However, there’s an entire inner landscape that I haven’t listened to or loved generously in the way that I’ve listened to and loved my body. When I think of this inner landscape—she is like Ireland. She is mysterious and mist-covered and built of memory stacked on memory. She is ancient and spiritual. She does not suffer fools. She is emerald. She is mermaid. She is poetry.
And she is willing to let me explore her hills and valleys as I engage with memory in a way I haven’t previously. I’ve used the practices in The Artist’s Way to nudge memory in helpful ways, but once that work is done, I’ve been intentionally turning towards memories when they return to me unbidden.
In the car, when I wash dishes, when I create, or lie down to sleep, I turn towards any memory that seeks to join me. When memories return to me without prompting, I’m not as quick to dismiss them as random arrivals unrelated to the life I’m currently living. Even the most innocuous memories that don’t carry a huge emotional charge have held surprising meaning for me. Sometimes these are just as important as the ones that shout for attention.

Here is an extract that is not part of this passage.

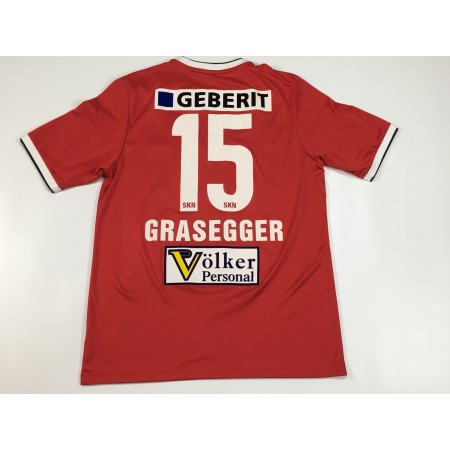 Trikot SKN St. Pölten (AUT), Medium, GRASEGGER 16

Recently, I was downstairs tidying up when guitar chords floated down to greet me. When my daughter’s clear, pure voice broke through the chords, the sound shook a core memory loose. I remembered the time I auditioned for a part in the Sound of Music musical in grade school, and the part went to another girl in my class. Oh, how I wanted to sing a solo. Oh, how it stung that I wasn’t chosen. Instead, I sang in a trio while my classmate danced and sang her way across the stage.
It's a small memory that doesn’t hurt as an adult, but it stung so badly when I was a kid. And I never grieved it. I never turned towards the loss and said, “This hurt and this mattered to me.” So, I get to turn inward and say it now. I get to turn to my creative ten-year-old self who loved to dance and sing and say, “I see you. I see the rejection that wounded your creativity. Let’s honor it together and move towards healing.”

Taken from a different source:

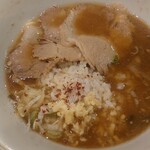 肉うどん さんすけ -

This turning towards rising memories has been immensely helpful as I’ve moved in the direction of healing past wounds. I’m conscious of no longer dismissing what rises to the surface as irrelevant, and instead listening for the deeper message it wants to share with me.
I’ve practiced turning towards all kinds of memories for a few years now, but The Artist’s Way has helped me explore creative/artistic memories that have been buried for decades. It’s given me hope for artistic recovery and healing of the wounds that have kept me from growth in this part of my life.
A Reflective Practice
Consider exploring the landscape of your inner being through memory.

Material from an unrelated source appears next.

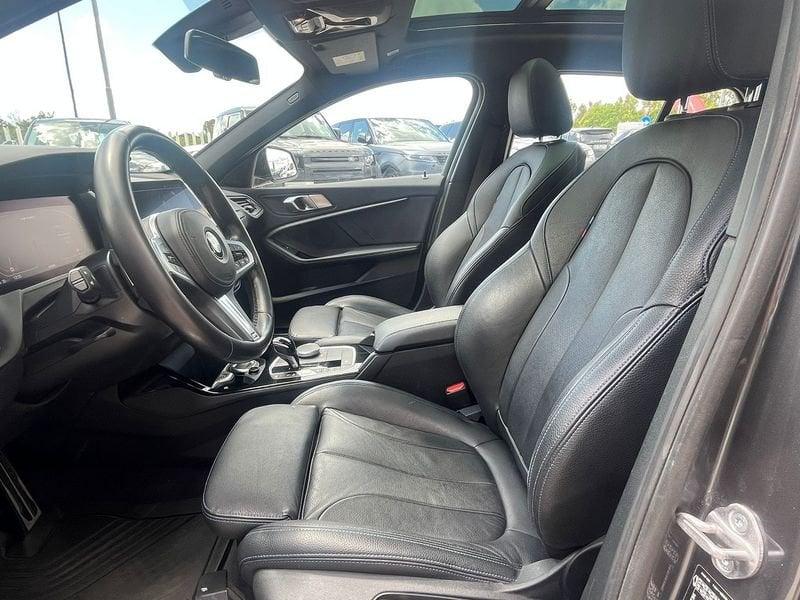 BMW Serie 1 M 5 Porte 135i xDrive Steptronic M 135i xdrive auto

The next time a memory rises to the surface, instead of dismissing it, consider what it might have to reveal to you or teach you.
Ask God to show you what this memory might wants to say, and turn towards it with loving presence.
Consider journaling the memory, your prayerful response, and what you discover.
The focus of the book is on creative recovery for blocked artists, but I truly believe it could be helpful for people who don’t identify as artists, but who want to explore creativity, or those who want to apply the rich material to another area of life.